You do not even know what speed is until you have played Redout. Fast and the Furious and Need For Speed no longer do their names justice, as their feeble speeds are nothing in comparison to those behind the vessels you man in Redout. Redout is an insanely fast, dashingly stylish, and franticly fun racer from 34BigThings, an Italy based developer. The premise is as simple as a traditional racer, even while being a non-traditional racer. There are no four wheel cars in sight, and hell, there are not even roads. This is the future, and an exciting one at that. Racers take control of some extremely high speed air ships, similar in nature to that of the Wipeout series that has long been a staple series on Playstation. Finding it’s footing on PC, the Lightspeed edition is now here for both Xbox One and PS4 fans to take advantage of, cramming loads more of content (some of which is exclusive) into what was already a well respected game. Can you handle this kind of speed? Let’s find out.

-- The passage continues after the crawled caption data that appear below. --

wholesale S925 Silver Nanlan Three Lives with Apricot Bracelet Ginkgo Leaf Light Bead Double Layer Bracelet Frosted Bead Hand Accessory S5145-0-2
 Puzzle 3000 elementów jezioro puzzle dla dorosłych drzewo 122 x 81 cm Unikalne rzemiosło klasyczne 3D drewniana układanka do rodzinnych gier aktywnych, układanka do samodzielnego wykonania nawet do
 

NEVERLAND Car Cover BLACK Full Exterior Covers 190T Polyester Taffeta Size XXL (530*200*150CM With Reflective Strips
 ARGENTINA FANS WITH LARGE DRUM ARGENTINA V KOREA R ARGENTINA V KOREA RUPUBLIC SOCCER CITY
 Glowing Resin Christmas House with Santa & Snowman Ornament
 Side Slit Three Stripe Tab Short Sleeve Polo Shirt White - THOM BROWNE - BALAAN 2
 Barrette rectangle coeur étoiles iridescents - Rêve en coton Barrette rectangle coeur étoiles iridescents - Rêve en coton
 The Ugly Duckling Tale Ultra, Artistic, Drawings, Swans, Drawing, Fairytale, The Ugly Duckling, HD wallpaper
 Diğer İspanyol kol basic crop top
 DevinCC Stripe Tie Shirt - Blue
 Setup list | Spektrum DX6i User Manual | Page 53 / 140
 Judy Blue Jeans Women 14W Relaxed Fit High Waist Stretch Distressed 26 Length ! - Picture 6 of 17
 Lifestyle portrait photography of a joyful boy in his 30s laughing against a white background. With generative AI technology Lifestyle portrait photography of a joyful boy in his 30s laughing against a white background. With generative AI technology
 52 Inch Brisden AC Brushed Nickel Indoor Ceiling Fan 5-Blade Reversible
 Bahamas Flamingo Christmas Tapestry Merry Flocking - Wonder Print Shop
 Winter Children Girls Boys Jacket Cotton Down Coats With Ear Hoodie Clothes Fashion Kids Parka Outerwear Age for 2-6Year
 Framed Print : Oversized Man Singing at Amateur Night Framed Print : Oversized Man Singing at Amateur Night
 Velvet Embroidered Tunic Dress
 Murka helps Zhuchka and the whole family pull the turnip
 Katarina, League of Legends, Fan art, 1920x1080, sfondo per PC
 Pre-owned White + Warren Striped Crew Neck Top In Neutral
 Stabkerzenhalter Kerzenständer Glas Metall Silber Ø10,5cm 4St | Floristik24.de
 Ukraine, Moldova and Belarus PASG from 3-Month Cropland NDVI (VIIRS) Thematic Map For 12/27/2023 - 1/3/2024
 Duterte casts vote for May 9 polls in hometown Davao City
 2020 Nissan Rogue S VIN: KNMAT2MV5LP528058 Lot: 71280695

Racers going in solo are going to immediately want to check out the career mode. Here you will find over 100 events to participate in across seven different event types. From standard races, to score based Endurance, and the always frantic Eliminations, there is a lot to do here. How you approach these races is up to you, as there are seven different teams to race for in the Lightspeed edition. Each of these teams has four tiers to choose from, which are more or less lined up with the difficulty spikes as you progress. That means there is a total of 28 awesome ships to choose from, which are each balanced for different playstyles. You might want to take a ship with a solid max speed and high acceleration, but you may pay the price in health, or take a ship with some tight handling, but it is not quite as fast as others. It all depends how you like to play. Each of these ships stats can be upgraded once regardless, allowing you to boost its abilities across the board. They can also be customized with a variety of liveries and color schemes (which there are a bunch to choose from free of charge, no in game currency needed). Winning races does earn you some cash though, and that is used to buy the different cars, their upgrades, as well as some attachments.
These powerups can make the difference in many of the races, especially in Arena where keeping your ship from being destroyed is key. There are two different styles: Passive and Active. Your passive ones are always on, giving you almost a permanent stat boost for the race. You can find boosts like increased health or better grip to the track in this area. Your active powerups are one shot a piece, so it needs to be used extremely wisely in a race. Here you can find a temporary speed overdrive or bots to repair your ship, amongst others. Knowing what powerup to pair with a particular race type is crucial, so study these early on. In addition to these, every ship has a standard boost feature. These range from ship to ship, but serve as a traditional “Nitro” style boost which refills over time.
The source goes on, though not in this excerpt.